PMA pour toutes : avoir un père serait « daté » ?



L’Académie nationale de médecine a rendu un avis officiel, samedi 21 septembre, remettant en cause les études sur lesquelles se sont fondés les parlementaires, et affirmant que « la conception délibérée d’un enfant privé de père constitue une rupture anthropologique majeure ».

 

Réagissant à cet avis, la ministre de la santé Agnès Buzyn l’a déclaré « daté ». Elle a rétorqué que « considérer qu’il y a un lien direct entre défaut de construction de l’enfant et famille monoparentale est faux».

 

Ce faisant,  la ministre ne fait référence qu’aux familles monoparentales, dans lesquelles le père ou la mère est absent, et non aux familles dans lesquelles le père n’a jamais existé, où « l’enfant est né sans lui », ce qui est tout autre.
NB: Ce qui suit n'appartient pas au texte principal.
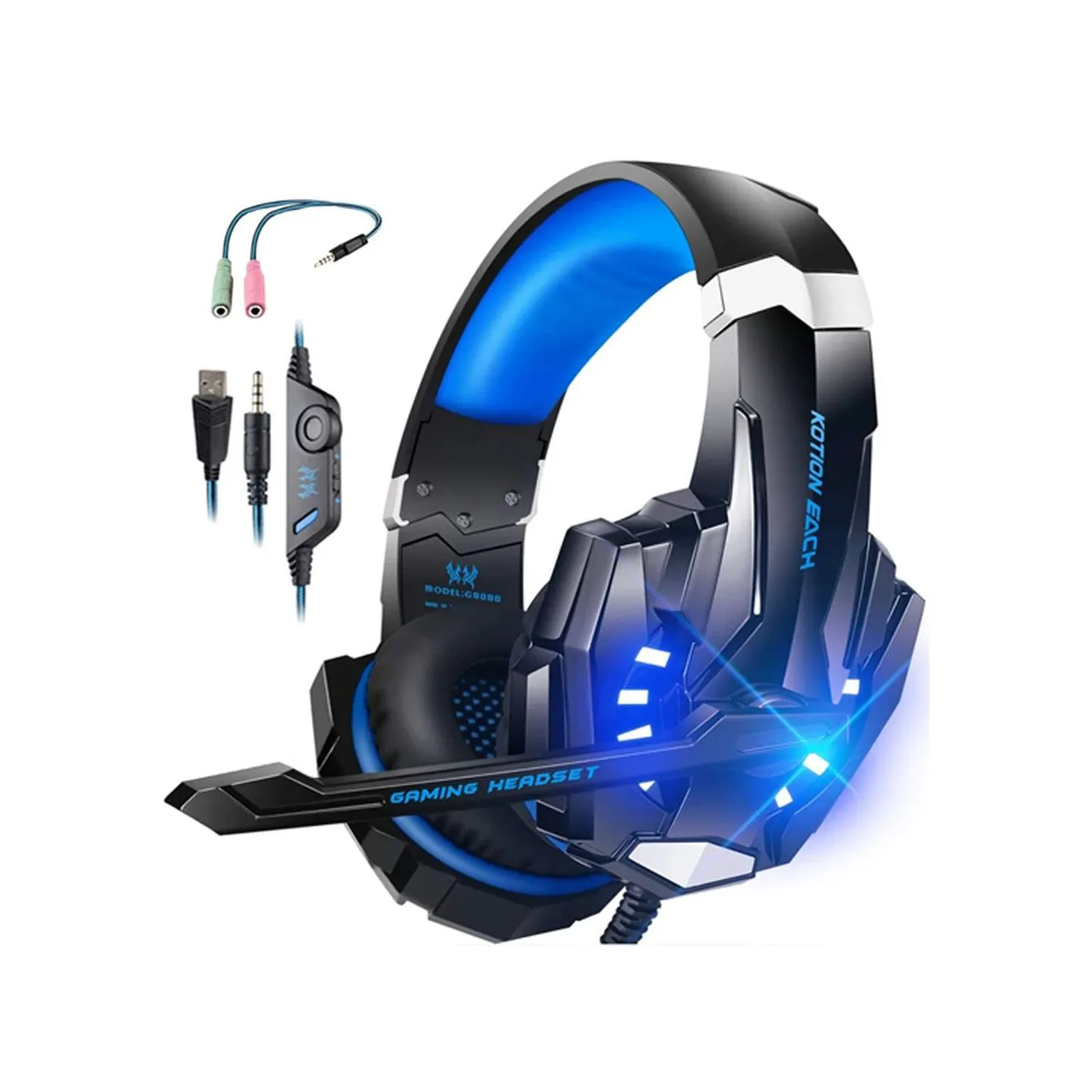Auriculares Gamer Profesional G9000 Rgb Azul GENERICO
Par son affirmation maladroite, Agnès Buzyn élude la question de la « rupture anthropologique fondamentale» soulevée par l’Académie de médecine : la création de « familles sans père ». Comme l’a rappelé l’Académie « la figure du père reste pourtant fondatrice pour la personnalité de l’enfant comme le rappellent des pédopsychiatres, pédiatres et psychologues ».

 

En outre, entendre la ministre de la Santé dire qu’avoir un père serait « daté» peut surprendre. « L’imaginerait-on dire qu’un enfant n’a pas besoin d’une mère? ». 

 

Pour aller plus loin :

L’Académie de médecine s'oppose à la "PMA pour toutes"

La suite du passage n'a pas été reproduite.